● **What you will do**:
Please repeat the listing exactly, starting at its first line and stopping after the line that contains "a small room".

● **The data**:

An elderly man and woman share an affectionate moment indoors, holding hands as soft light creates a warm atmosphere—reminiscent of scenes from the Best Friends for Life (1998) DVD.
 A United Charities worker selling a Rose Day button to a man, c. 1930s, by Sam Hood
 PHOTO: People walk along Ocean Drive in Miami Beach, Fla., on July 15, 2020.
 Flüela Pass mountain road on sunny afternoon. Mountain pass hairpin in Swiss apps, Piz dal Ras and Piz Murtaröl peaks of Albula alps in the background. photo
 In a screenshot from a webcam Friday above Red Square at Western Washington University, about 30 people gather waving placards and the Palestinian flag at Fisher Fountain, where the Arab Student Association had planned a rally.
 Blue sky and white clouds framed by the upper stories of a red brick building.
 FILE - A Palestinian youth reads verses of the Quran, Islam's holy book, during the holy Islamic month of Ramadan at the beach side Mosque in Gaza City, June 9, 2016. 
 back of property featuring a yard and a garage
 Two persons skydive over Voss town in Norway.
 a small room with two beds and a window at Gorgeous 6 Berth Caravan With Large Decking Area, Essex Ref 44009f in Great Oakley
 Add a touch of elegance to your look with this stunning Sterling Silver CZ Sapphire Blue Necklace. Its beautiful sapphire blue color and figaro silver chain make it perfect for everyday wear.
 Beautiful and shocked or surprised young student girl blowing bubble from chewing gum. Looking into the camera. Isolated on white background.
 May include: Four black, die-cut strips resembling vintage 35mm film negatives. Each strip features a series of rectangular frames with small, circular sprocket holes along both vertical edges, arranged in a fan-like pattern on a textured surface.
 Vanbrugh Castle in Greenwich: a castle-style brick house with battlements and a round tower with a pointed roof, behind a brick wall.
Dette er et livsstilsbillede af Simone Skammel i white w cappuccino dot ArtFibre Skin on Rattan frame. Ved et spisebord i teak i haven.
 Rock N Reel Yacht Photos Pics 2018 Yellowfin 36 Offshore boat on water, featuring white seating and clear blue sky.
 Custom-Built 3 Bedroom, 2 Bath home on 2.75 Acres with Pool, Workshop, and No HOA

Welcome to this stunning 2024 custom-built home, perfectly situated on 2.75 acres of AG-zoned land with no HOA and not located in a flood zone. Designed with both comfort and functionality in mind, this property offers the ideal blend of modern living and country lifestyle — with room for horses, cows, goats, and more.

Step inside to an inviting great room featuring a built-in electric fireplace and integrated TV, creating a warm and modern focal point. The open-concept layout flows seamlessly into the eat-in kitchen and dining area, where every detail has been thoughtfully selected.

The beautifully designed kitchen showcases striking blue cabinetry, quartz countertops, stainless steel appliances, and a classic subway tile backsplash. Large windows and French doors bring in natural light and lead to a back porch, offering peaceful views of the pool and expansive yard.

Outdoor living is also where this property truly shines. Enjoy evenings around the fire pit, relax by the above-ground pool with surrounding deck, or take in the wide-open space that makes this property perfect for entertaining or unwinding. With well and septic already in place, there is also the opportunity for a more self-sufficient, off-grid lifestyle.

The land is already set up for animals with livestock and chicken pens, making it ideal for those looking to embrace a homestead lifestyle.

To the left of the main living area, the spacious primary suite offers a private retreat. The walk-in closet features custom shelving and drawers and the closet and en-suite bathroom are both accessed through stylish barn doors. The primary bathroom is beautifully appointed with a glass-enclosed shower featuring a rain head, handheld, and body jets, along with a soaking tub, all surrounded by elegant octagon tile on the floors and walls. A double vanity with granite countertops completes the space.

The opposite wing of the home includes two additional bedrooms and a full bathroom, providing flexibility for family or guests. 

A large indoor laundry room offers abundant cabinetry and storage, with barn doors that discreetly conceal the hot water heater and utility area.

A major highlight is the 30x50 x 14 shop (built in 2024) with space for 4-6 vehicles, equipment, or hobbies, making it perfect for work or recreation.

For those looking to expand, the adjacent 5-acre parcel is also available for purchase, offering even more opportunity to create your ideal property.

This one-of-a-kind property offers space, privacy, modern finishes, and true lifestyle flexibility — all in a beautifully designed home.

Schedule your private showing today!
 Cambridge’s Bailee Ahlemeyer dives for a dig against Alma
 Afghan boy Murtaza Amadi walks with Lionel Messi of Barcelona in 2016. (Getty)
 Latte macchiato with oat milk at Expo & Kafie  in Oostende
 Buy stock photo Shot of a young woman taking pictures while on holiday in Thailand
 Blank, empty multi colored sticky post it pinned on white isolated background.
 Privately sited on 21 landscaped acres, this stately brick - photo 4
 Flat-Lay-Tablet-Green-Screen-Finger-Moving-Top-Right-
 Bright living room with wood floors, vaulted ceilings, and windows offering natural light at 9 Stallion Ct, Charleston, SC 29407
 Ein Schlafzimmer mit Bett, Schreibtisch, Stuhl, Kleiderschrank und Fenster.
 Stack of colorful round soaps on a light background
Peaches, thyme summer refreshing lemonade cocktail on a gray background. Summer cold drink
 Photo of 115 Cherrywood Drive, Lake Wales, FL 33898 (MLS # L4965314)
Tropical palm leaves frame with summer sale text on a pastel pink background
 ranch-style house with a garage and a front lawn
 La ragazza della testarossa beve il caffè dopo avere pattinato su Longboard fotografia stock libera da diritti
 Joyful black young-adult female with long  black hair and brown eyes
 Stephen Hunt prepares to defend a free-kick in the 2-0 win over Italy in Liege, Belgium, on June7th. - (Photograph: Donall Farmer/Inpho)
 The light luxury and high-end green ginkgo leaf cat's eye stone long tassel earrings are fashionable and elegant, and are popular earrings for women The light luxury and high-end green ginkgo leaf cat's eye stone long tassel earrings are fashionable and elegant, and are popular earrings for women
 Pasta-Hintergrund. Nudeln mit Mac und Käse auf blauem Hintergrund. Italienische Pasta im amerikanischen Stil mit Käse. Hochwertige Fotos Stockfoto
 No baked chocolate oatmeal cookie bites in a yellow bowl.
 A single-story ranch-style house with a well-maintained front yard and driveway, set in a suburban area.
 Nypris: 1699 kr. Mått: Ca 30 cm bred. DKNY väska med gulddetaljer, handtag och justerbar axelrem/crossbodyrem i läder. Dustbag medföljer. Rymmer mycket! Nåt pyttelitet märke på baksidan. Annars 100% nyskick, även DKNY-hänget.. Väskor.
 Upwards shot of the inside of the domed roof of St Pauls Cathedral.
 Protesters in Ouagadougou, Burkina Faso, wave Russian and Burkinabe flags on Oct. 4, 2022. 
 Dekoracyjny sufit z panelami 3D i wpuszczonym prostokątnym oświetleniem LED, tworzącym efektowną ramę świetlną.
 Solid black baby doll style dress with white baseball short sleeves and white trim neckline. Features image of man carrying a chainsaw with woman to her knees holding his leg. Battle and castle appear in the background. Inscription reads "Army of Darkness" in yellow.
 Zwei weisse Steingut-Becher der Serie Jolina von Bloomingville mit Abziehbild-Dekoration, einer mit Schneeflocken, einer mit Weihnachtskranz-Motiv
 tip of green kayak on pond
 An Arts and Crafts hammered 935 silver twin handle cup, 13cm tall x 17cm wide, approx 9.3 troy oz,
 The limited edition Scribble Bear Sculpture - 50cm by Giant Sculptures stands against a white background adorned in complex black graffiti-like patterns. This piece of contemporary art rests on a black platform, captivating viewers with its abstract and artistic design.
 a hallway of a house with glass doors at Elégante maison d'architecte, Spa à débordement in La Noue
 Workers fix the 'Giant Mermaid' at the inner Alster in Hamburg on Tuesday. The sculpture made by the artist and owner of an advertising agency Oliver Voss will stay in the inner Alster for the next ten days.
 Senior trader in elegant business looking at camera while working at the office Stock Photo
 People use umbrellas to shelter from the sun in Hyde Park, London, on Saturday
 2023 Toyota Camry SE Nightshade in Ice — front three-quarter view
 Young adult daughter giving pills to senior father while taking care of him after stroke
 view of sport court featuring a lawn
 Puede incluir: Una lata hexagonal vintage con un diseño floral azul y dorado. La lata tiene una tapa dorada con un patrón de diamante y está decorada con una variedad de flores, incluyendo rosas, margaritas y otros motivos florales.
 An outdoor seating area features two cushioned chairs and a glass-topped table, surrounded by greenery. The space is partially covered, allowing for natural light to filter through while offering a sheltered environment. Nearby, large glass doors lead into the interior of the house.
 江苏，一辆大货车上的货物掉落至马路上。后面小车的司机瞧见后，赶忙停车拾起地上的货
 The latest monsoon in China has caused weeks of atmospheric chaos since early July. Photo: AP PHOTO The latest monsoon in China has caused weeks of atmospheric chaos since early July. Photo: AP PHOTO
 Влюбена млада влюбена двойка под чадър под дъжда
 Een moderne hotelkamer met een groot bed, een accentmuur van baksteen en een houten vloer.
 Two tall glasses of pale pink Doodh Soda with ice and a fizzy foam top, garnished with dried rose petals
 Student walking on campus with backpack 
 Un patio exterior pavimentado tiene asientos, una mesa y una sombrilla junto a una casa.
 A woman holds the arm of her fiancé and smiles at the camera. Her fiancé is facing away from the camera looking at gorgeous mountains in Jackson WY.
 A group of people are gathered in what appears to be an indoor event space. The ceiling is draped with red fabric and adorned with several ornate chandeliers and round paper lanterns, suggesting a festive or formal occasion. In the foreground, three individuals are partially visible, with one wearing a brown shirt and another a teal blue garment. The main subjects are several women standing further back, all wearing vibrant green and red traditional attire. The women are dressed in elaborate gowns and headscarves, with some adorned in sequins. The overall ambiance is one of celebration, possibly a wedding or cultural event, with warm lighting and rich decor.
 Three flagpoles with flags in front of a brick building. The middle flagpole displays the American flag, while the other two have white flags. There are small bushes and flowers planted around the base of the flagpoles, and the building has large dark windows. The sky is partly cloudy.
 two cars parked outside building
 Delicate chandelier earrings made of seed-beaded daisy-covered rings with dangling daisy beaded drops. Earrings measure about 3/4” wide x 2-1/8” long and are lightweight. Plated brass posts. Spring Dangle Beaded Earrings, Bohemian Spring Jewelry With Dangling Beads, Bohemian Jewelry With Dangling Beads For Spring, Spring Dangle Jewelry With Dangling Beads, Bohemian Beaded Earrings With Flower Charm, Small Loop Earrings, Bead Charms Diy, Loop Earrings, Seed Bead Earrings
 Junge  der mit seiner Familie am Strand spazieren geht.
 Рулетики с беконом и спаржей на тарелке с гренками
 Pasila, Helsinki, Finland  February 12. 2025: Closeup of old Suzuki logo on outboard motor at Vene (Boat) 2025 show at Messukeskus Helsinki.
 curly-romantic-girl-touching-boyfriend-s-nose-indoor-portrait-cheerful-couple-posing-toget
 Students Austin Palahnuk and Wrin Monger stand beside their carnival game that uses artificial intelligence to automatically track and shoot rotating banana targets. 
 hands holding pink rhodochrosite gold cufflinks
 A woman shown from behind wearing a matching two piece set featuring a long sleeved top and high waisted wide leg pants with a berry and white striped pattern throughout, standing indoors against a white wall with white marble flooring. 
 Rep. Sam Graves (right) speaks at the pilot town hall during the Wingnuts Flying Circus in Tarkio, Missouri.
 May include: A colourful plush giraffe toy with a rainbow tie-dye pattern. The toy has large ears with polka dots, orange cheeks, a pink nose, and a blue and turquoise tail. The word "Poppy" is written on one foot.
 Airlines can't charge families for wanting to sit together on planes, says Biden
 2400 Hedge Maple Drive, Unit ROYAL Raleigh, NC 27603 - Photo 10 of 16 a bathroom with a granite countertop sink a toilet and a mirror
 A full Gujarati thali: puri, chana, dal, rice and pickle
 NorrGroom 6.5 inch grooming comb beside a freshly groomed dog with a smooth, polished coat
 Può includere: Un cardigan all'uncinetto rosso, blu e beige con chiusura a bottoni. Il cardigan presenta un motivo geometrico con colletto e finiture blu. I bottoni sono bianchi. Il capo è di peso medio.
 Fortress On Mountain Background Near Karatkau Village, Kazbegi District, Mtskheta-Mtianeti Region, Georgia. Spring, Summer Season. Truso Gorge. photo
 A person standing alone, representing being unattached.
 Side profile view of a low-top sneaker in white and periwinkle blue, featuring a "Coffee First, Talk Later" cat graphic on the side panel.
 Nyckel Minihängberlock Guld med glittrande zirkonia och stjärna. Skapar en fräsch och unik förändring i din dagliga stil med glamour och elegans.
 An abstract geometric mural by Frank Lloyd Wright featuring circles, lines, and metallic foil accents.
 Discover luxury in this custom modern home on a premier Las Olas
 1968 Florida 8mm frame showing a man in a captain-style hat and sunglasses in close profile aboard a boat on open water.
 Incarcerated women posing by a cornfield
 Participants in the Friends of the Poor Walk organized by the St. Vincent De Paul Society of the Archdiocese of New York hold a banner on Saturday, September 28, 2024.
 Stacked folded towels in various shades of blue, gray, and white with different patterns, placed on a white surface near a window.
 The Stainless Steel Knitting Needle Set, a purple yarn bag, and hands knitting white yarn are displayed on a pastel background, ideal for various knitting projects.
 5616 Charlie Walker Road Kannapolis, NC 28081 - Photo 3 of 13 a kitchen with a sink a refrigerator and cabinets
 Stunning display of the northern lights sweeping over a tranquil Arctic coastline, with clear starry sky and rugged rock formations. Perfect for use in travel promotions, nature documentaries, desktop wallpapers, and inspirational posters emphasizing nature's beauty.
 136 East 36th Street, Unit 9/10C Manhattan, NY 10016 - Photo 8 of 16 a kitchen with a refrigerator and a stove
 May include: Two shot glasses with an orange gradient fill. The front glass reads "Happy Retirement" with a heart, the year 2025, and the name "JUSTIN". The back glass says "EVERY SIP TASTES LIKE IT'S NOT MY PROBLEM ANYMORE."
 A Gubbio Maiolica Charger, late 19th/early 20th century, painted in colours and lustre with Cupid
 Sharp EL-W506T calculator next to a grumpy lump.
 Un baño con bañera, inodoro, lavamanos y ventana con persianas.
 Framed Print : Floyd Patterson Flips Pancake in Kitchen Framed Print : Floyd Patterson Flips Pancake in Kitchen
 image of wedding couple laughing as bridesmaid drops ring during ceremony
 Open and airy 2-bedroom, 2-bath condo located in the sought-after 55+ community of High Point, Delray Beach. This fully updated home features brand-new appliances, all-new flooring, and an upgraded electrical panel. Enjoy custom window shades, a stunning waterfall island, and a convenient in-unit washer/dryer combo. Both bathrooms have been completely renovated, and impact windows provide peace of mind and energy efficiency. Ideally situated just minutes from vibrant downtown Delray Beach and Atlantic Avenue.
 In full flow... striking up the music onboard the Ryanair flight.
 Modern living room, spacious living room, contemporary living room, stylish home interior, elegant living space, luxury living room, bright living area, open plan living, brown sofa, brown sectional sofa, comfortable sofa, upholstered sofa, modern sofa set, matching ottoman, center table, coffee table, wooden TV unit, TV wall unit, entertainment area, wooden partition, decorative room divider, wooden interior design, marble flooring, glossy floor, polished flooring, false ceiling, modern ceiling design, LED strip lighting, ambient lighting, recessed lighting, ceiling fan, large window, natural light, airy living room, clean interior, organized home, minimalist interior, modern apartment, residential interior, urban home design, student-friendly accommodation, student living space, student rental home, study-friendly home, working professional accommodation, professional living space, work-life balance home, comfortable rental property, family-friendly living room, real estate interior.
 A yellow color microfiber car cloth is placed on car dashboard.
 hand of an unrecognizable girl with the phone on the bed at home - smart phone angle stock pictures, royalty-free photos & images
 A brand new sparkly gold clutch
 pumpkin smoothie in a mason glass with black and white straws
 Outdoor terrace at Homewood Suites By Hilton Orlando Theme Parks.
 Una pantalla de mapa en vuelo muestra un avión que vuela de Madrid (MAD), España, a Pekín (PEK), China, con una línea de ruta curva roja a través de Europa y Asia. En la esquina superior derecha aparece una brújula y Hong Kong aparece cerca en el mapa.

● **Your solution**:
An elderly man and woman share an affectionate moment indoors, holding hands as soft light creates a warm atmosphere—reminiscent of scenes from the Best Friends for Life (1998) DVD.
 A United Charities worker selling a Rose Day button to a man, c. 1930s, by Sam Hood
 PHOTO: People walk along Ocean Drive in Miami Beach, Fla., on July 15, 2020.
 Flüela Pass mountain road on sunny afternoon. Mountain pass hairpin in Swiss apps, Piz dal Ras and Piz Murtaröl peaks of Albula alps in the background. photo
 In a screenshot from a webcam Friday above Red Square at Western Washington University, about 30 people gather waving placards and the Palestinian flag at Fisher Fountain, where the Arab Student Association had planned a rally.
 Blue sky and white clouds framed by the upper stories of a red brick building.
 FILE - A Palestinian youth reads verses of the Quran, Islam's holy book, during the holy Islamic month of Ramadan at the beach side Mosque in Gaza City, June 9, 2016. 
 back of property featuring a yard and a garage
 Two persons skydive over Voss town in Norway.
 a small room with two beds and a window at Gorgeous 6 Berth Caravan With Large Decking Area, Essex Ref 44009f in Great Oakley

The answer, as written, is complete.